Marc Schiltz, Secretary General of the FNR and President of Science Europe, was (re)elected as one of three European representatives to the Global Research Council (GRC) Governing Board. Along with Marc Schiltz, Peter Strohschneider (DFG, Germany) and Mark Ferguson (Science Foundation Ireland) are European representatives to the GRC Governing Board. At the meeting, Marc Schiltz also reported on Plan-S an initiative requiring all scientific publications that result from research funded by public grants be published in compliant Open Access journals or platforms from 2020 onward.
About the GRC
The Global Research Council (GRC) comprises the heads of science and engineering funding agencies from around the world, dedicated to promote the sharing of data and best practices for high-quality collaboration among funding agencies worldwide. The GRC meets once per year, with the 2019 meeting taking place in São Paulo, Brazil.
2019 GRC Statement of Principles: Addressing the Expectations of Societal and Economic Impact
Excerpt from the statement:
Political decision-makers worldwide commit substantial amounts of public funds to support and foster scientific research on behalf of and for the society they represent. In return, they expect publicly funded research to generate some measure of impact. Research funding organisations have a key role in identifying and supporting research that generates such impact, using specific funding criteria and decision-making processes.
No research is impact-free, but the impact of research can have different forms. Research funded by GRC participants has a wide range of impacts including among others the advancement of knowledge (scientific impact), the development of societies (societal impact) and fostering innovation (economic impact). The different forms of impact can come in different degrees and at different points of time and vary in their predictability and measurability.

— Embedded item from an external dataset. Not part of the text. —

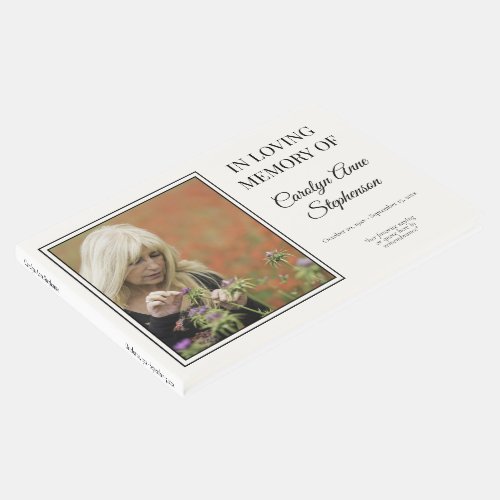 Simple Elegant Photo Black Bereavement  Funeral Guest Book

São Paulo Statement on Open Access
The representatives of African Open Science Platform, AmeLICA, cOAlition S, OA2020, and SciELO – five of the major worldwide Open Access initiatives are united in their common mission of making knowledge available and accessible wherever it can have the greatest impact and help solve humanity’s challenges regardless of where it was produced.
The combined effect of the five initiatives has generated a new momentum in the push towards universal, full, and immediate Open Access.
The five initiatives jointly state that:
- They consider that scholarly and scientific knowledge is a global public good. When generated by public funds, free access to it is a universal right.
- They share one common ultimate objective: providing universal, unrestricted, and immediate Open Access to scholarly information, including use and re-use by humans and machines.
- They share the belief that this common goal can be achieved through a variety of approaches.
- They will pursue points of alignment among their approaches and ways to co-operate towards reaching the shared objective.
- They seek an active dialogue with all stakeholders, including researchers, research funders, universities, libraries, publishers, learned societies, governments, and citizens to take into account the diversity of the global scholarly community.